Убеждённый беглец! — это тот, против которого и вмуровывают решётки в окна; против которого и обносят зону десятками нитей колючей проволоки, воздвигают вышки, заборы, заплоты, расставляют секреты, засады, кормят серых собак багровым мясом.
Убеждённый беглец — это ещё и тот, кто отклоняет расслабляющие упрёки лагерных обывателей: из-за беглецов другим будет хуже! режим усилят! по десять раз на проверку! баланда жидкая! Кто отгоняет от себя шёпот других заключённых не только о смирении ("и в лагере можно жить, особенно с посылками"), но даже о протестах, о голодовках, ибо это не борьба, а самообман. Изо всех средств борьбы он видит один, он верит одному, он служит одному — побегу!
Он — просто не может иначе! Он так создан. Как птица не вольна отказаться от сезонного перелёта, так убеждённый беглец не может не бежать.
В промежутках между двумя неудавшимися побегами Георгия Тэнно спрашивали мирные лагерники: "И что тебе не сидится? Что ты бегаешь?

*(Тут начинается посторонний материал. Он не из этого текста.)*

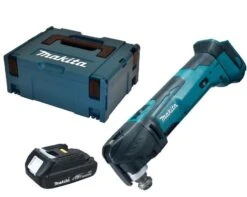 Bestsellers 13 Makita DTM51Y1JX8 18V Li-Ion Accu Multitool Met Snelspansysteem (1x 1.5Ah Accu)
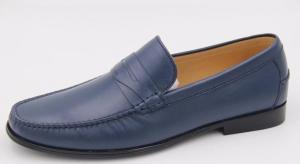 Quality Dress Moc Mens Leather Loafers Brand Famous Design Holton Penny Loafer for Men wholesale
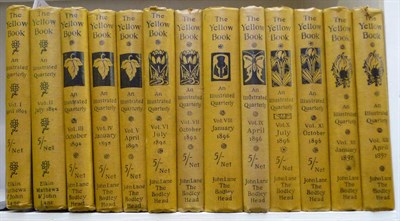 Lot 57 - Beardsley (Aubrey) et al. The Yellow Book, An Illustrated Quarterly, vols. I - XIII, 1894-7, 13...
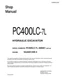 Komatsu PC400LC-7L Hydraulic Excavator Service Manual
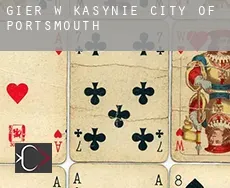 Gier w kasynie  City of Portsmouth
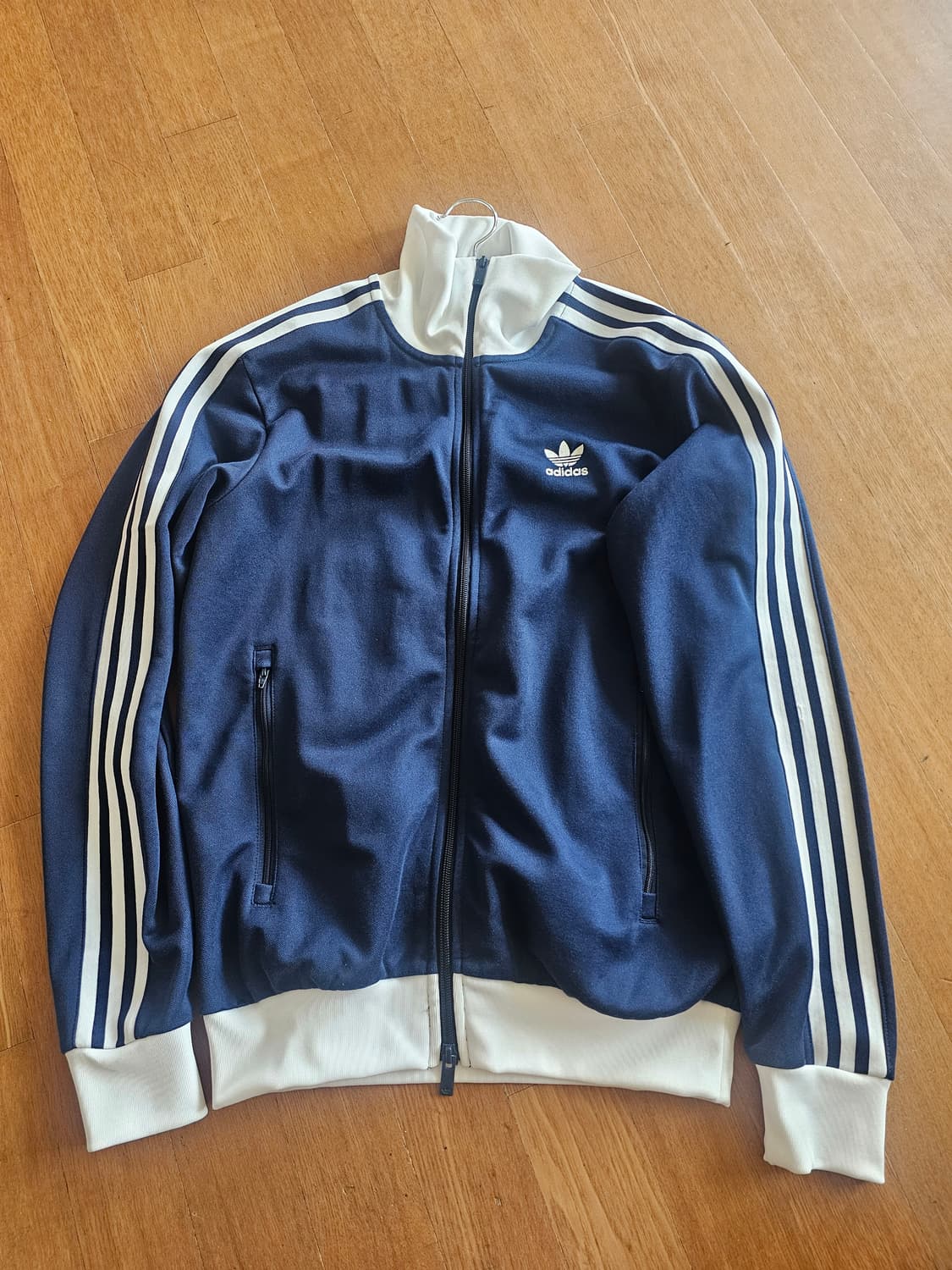 (1회착용)아디다스 베켄바우어 트랙탑 m 상품이미지1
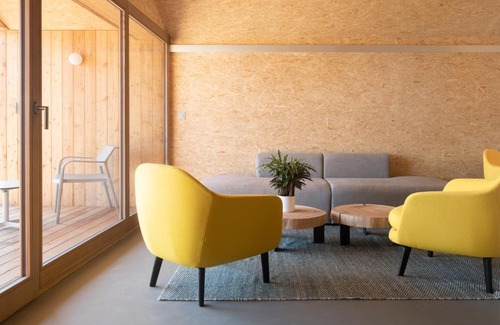 Monthey Ski Chalet | Whitepod Original - Cabins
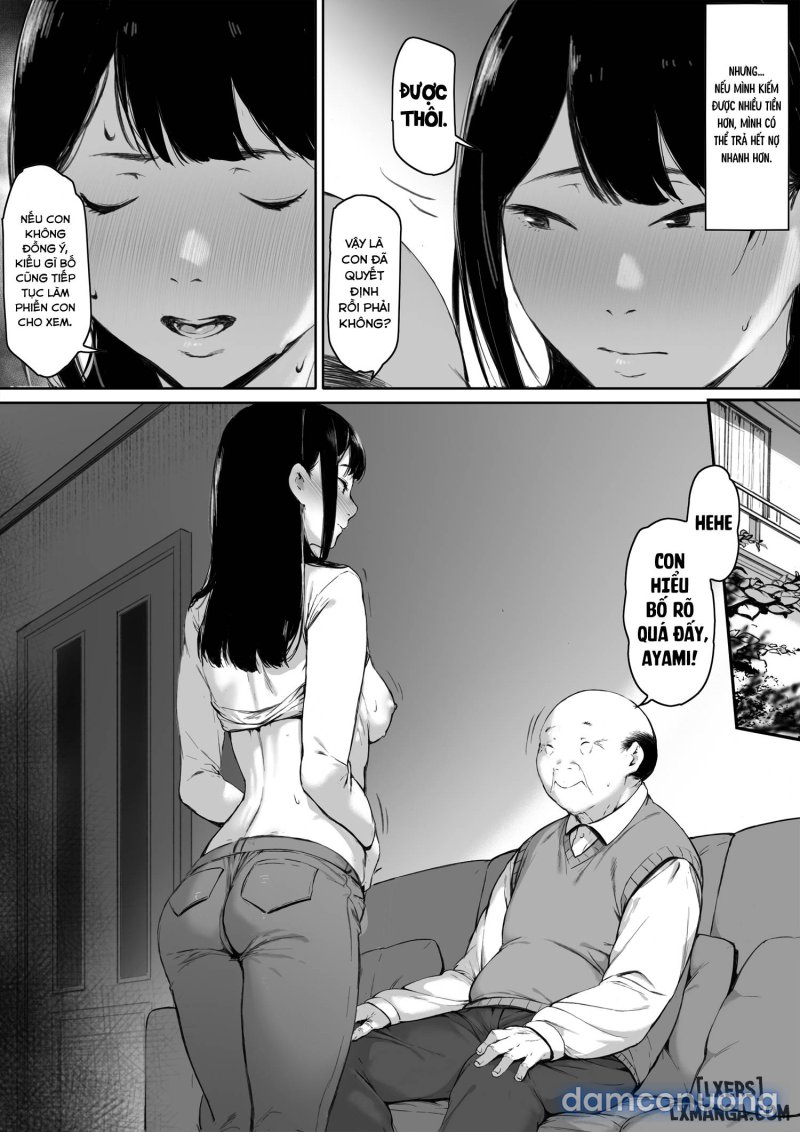 Gifu to Doukyou Suru ni Natta Shiawase na Shinkon Seikatsu o Okuro Hazu datta no ni Chapter 1 - Trang 43 - Dâm Cô Nương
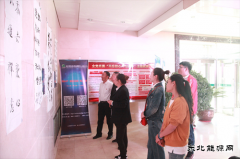 兴凯湖电业公司举办“壮丽七十年 奋斗新时代”书画摄影展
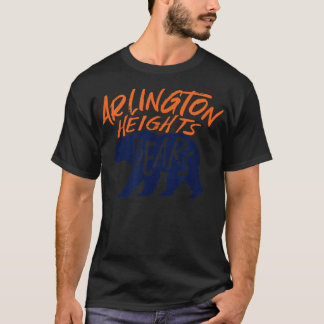 Beren met Arlington Heights Football Team Touchdow T-shirt
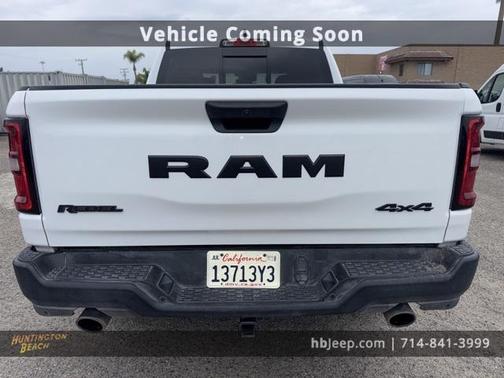 2025 RAM 1500 Rebel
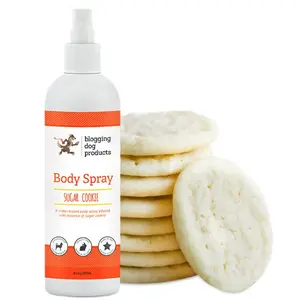 Pet Deodorizer Perfume Spray Sugar Cookie Scent for Dogs, Cats, Safe for All Pets Water based Non toxic cat perfume dog perfume pet cologne
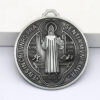 KOMI New Hot Sale Saint Benedict Pendant Round Religious Metal Crafts Pendant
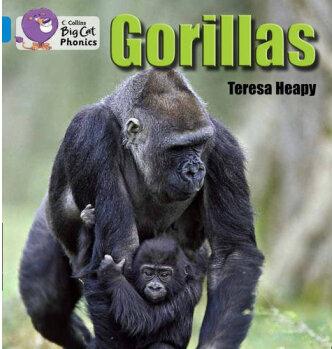 Gorillas(Collins Big Cat Phonics)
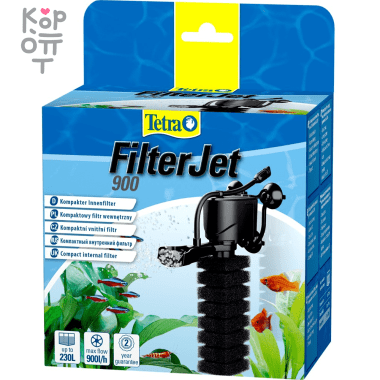 Tetra FilterJet 900 внутренний фильтр для аквариумов объемом 170 – 230 л — Корейские товары для всей семьи(КорОпт)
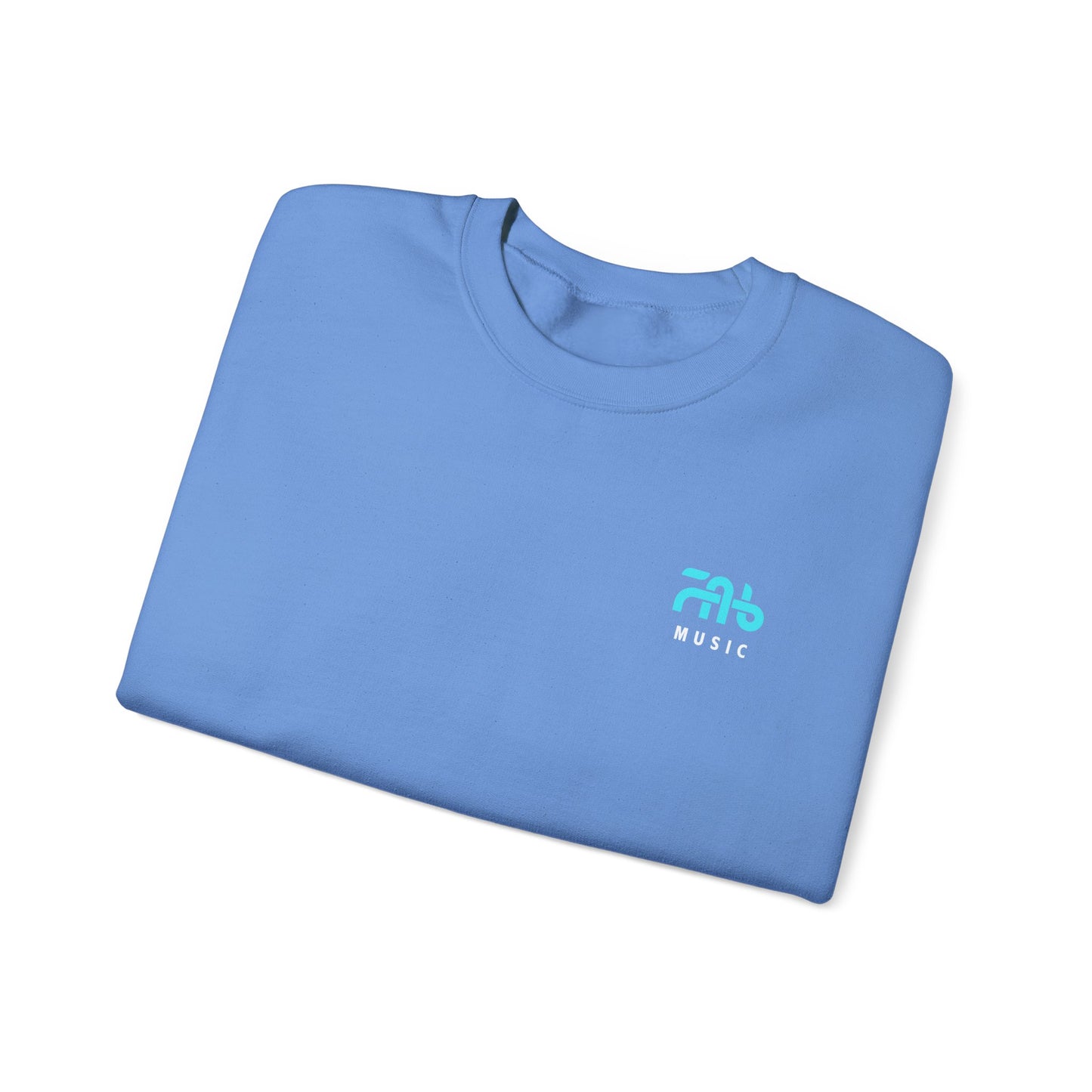 FabMusic Unisex Heavy Blend Crewneck™ Premiumtröja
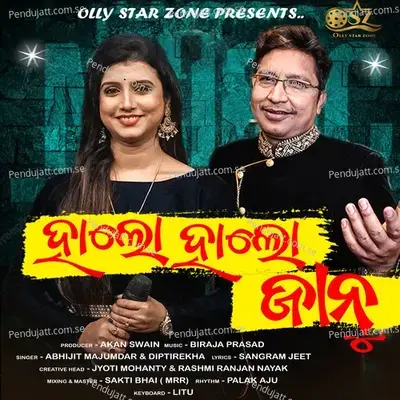 Hello Hello Janu - Diptirekha Padhi album cover 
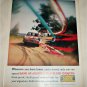 1962 Bank of America Tavelers Cheques Just Married ad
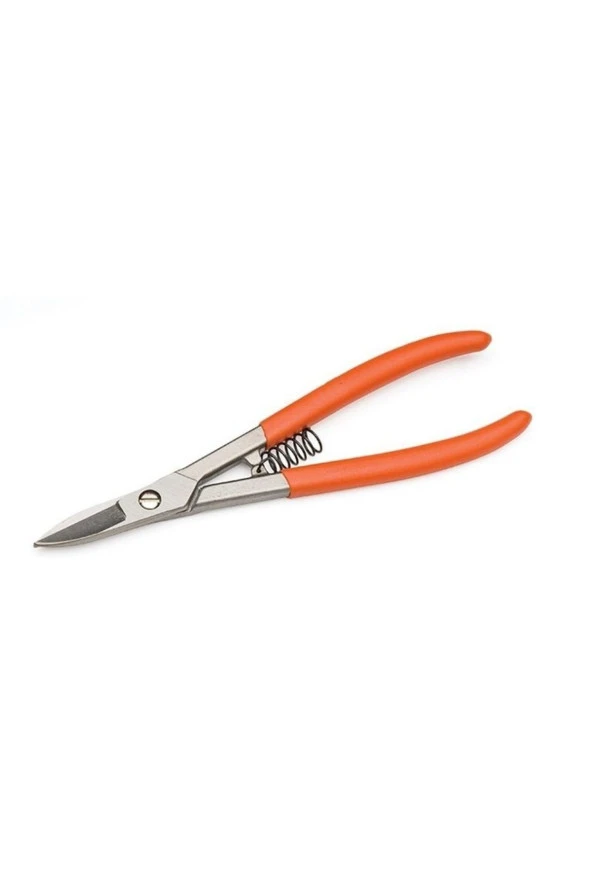 Depolife Kuyumcu Makası Soma Smb-801 Hassas Teneke Saç Kesme Makası Yaylı 18mm - 2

Что ты можешь найти на воле, особенно на теперешней?" — "Как — что? — удивлялся Тэнно. — Свободу! Сутки побыть в тайге не в кандалах — вот и свобода!"
Таких, как он, как Воробьёв, ГУЛАГ и Органы не знали в своё среднее время — время кроликов. Такие арестанты встречались только в самое первое советское время, а потом уж только после войны.